━━━━━ Data provided ━━━━━

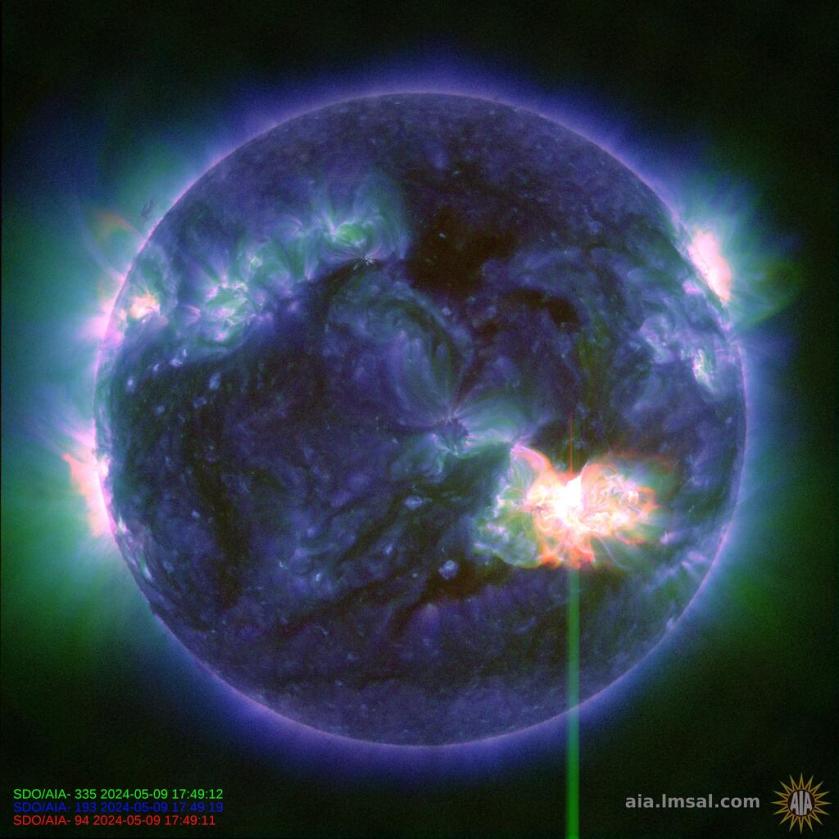 A composite image of the Sun in blue, green, and red shows an X-class flare as a large, bright burst of white and red light in the lower right.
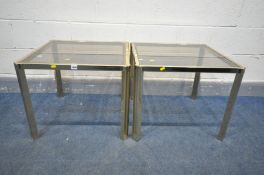A PAIR OF BRASS OCCASIONAL TABLES, with grey frosted glass inserts, 60cm squared x height 50cm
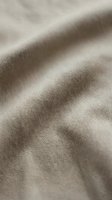 Closeup of natural linen fabric with diagonal folds and soft shadows, showcasing woven texture and neutral beige tones suitable for textile, fashion, and interior design projects.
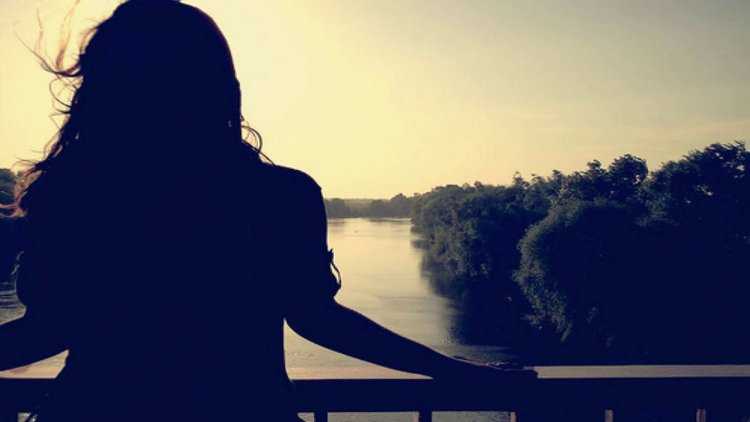 Девушка на мосту со спины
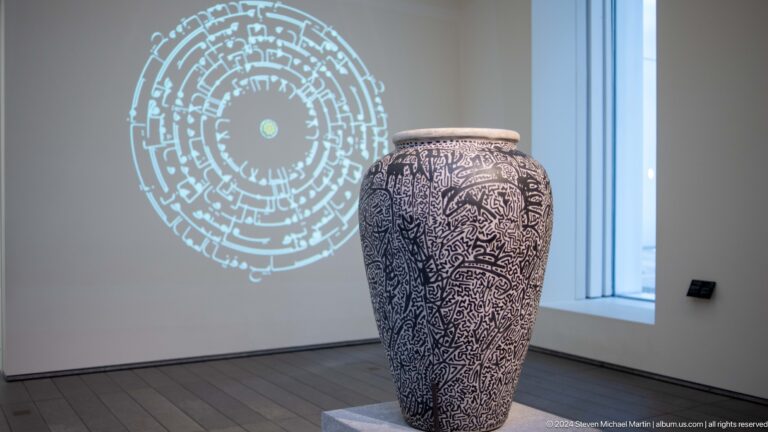 Large patterned ceramic vessel beside projected circular graphic at Louvre Abu Dhabi.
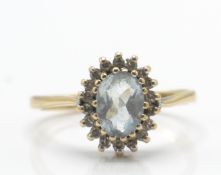 A 9ct gold and aquamarine ring. The ring with oval cut aquamarine within a halo of diamonds to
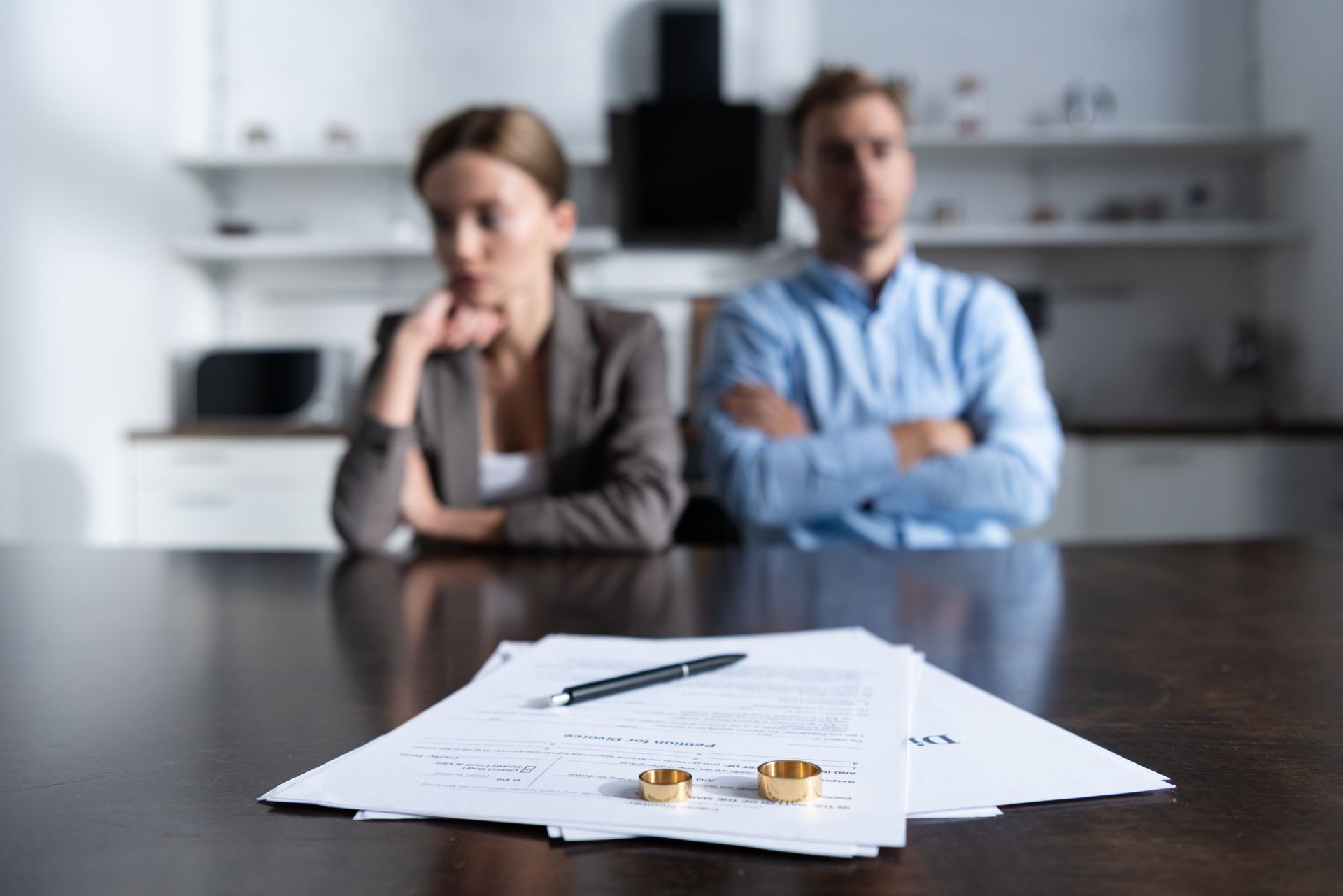 Divorce papers and wedding rings on a table with two people sitting apart in the background.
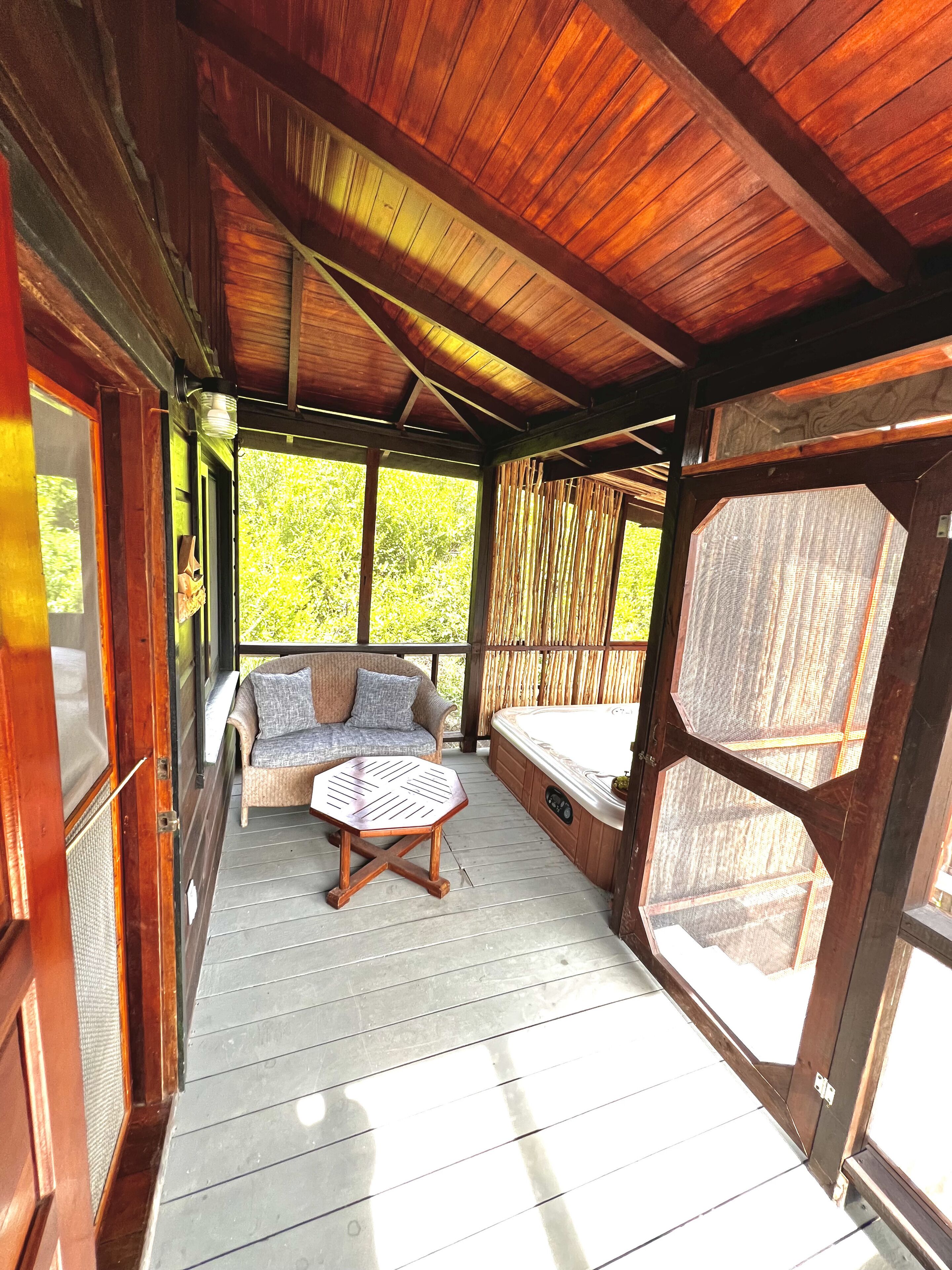 Une véranda couverte avec un plafond en bois, un canapé en osier, une petite table et un jacuzzi.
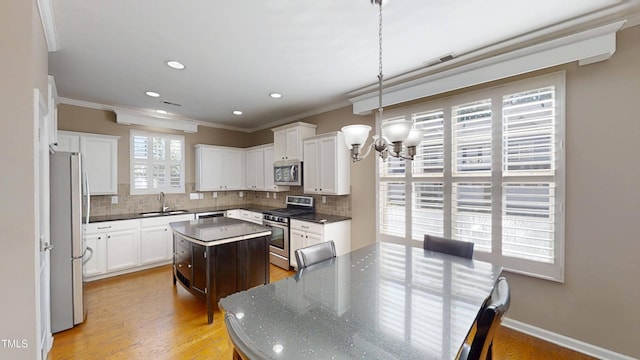 112 Salmon River Dr, Durham, NC 27705 - kitchen featuring appliances with stainless steel finishes, a center island, crown molding, backsplash, and a chandelier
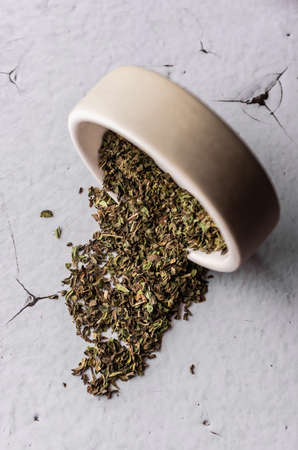 selective focus, natural green leaf tea. brewing in a clay bowl. vertical angle, macro. on a light background. for menus and cafesの写真素材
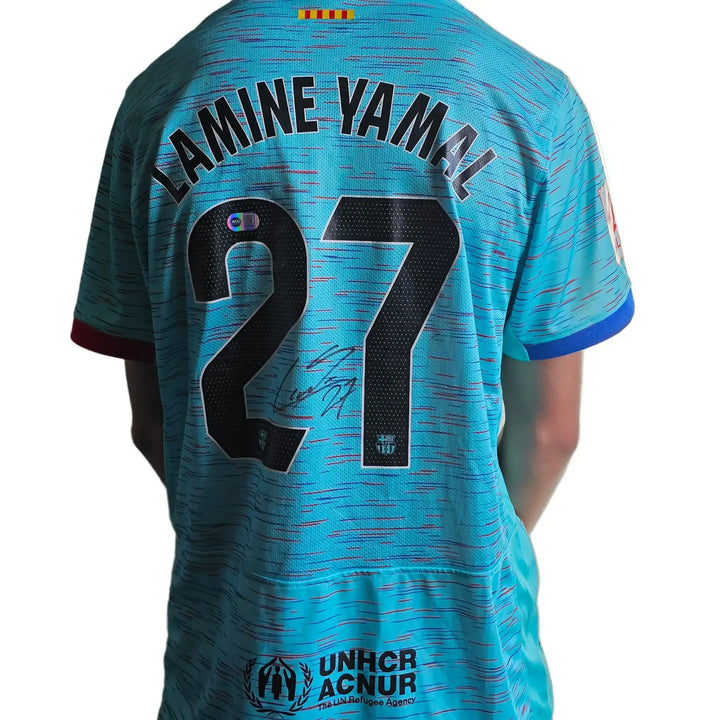 Lamine Yamal No. 27 Barcelona away shirt featuring a visible signature and UNHCR logo.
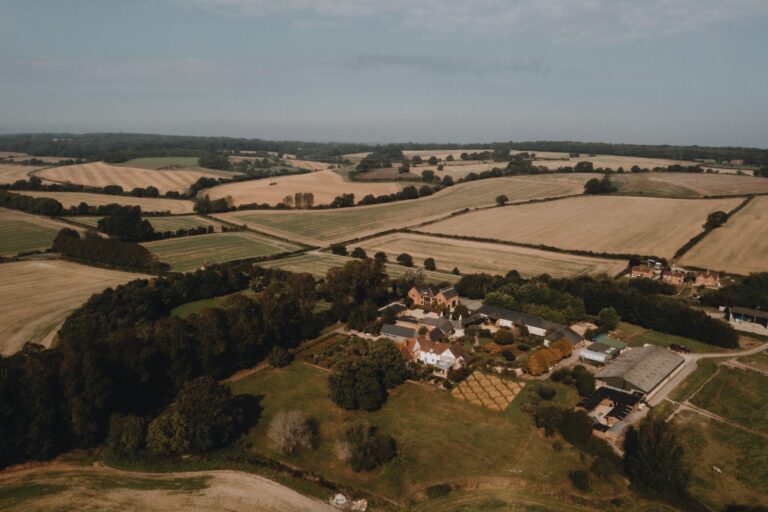 The farm buildings in their setting of fields and woodland on the Surrey and Hampshire border, Bury Court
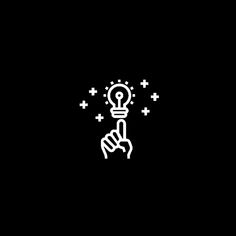 a hand holding a lightbulb with crosses and stars above it on a black background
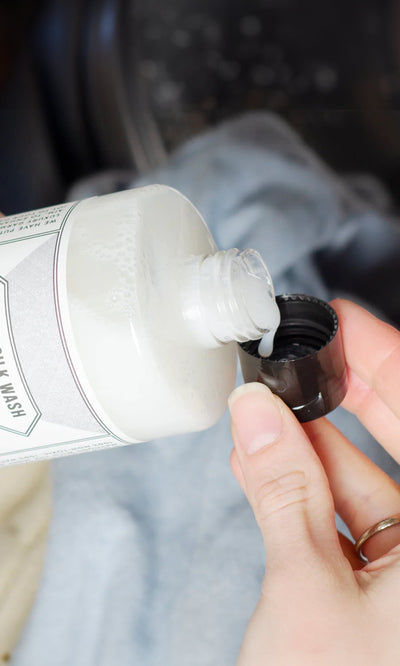 Plümo- A person pours Wool & Silk Detergent into a black cap, with clothes visible in the background.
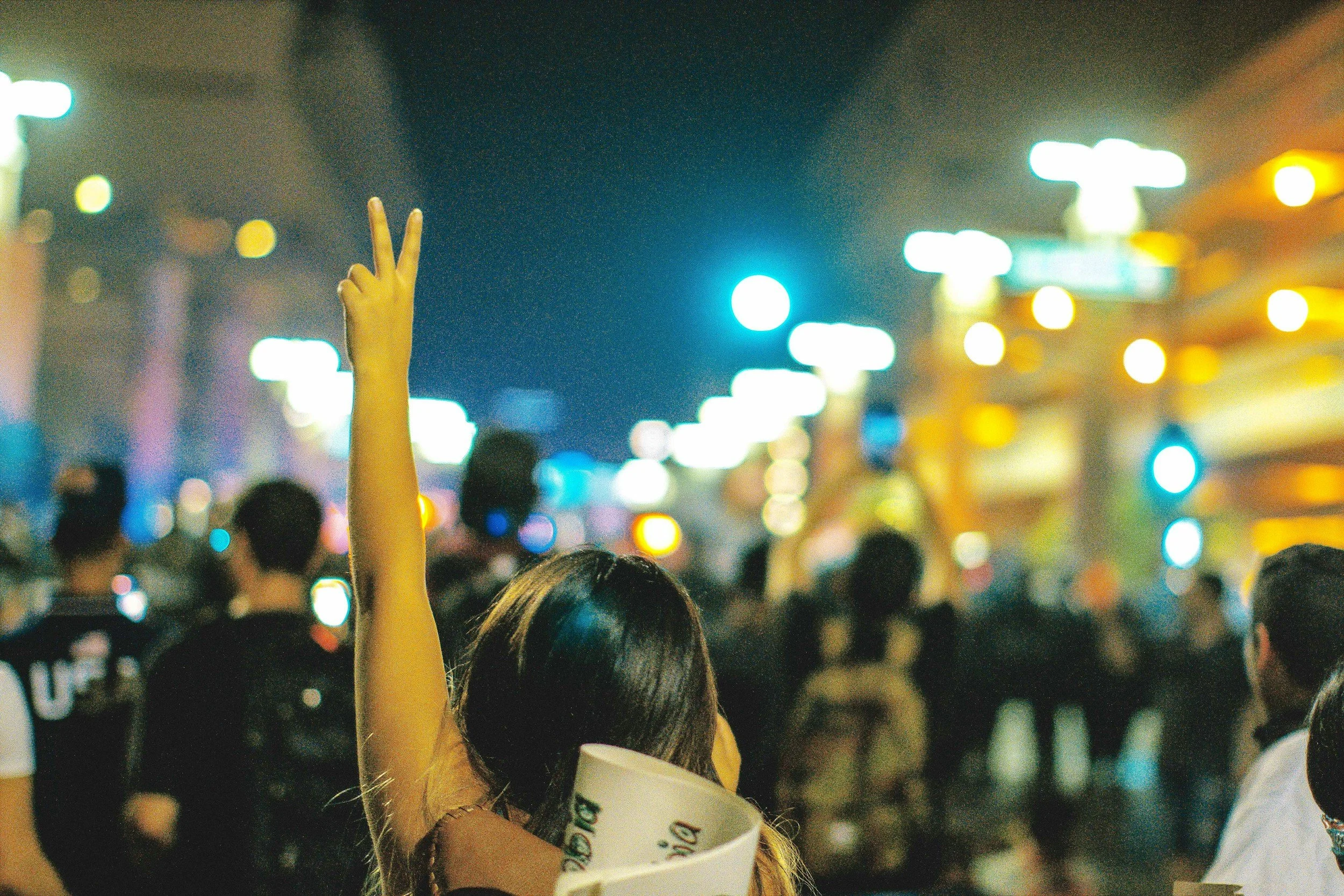 A woman seen from behind in a night crowd, one arm raised with her fingers in a peace sign.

━━━━━

Work instructions ▸
Set down all of the entries exactly as they appear, but keep the images out.

Answer box ▸
 A composite image of the Sun in blue, green, and red shows an X-class flare as a large, bright burst of white and red light in the lower right.
A PAIR OF BRASS OCCASIONAL TABLES, with grey frosted glass inserts, 60cm squared x height 50cm
 Closeup of natural linen fabric with diagonal folds and soft shadows, showcasing woven texture and neutral beige tones suitable for textile, fashion, and interior design projects.
 Девушка на мосту со спины
 Large patterned ceramic vessel beside projected circular graphic at Louvre Abu Dhabi.
 A 9ct gold and aquamarine ring. The ring with oval cut aquamarine within a halo of diamonds to
 Divorce papers and wedding rings on a table with two people sitting apart in the background.
 Une véranda couverte avec un plafond en bois, un canapé en osier, une petite table et un jacuzzi.
 112 Salmon River Dr, Durham, NC 27705 - kitchen featuring appliances with stainless steel finishes, a center island, crown molding, backsplash, and a chandelier
 selective focus, natural green leaf tea. brewing in a clay bowl. vertical angle, macro. on a light background. for menus and cafesの写真素材
 Lamine Yamal No. 27 Barcelona away shirt featuring a visible signature and UNHCR logo.
 The farm buildings in their setting of fields and woodland on the Surrey and Hampshire border, Bury Court
 a hand holding a lightbulb with crosses and stars above it on a black background
 Plümo- A person pours Wool & Silk Detergent into a black cap, with clothes visible in the background.
 A woman seen from behind in a night crowd, one arm raised with her fingers in a peace sign.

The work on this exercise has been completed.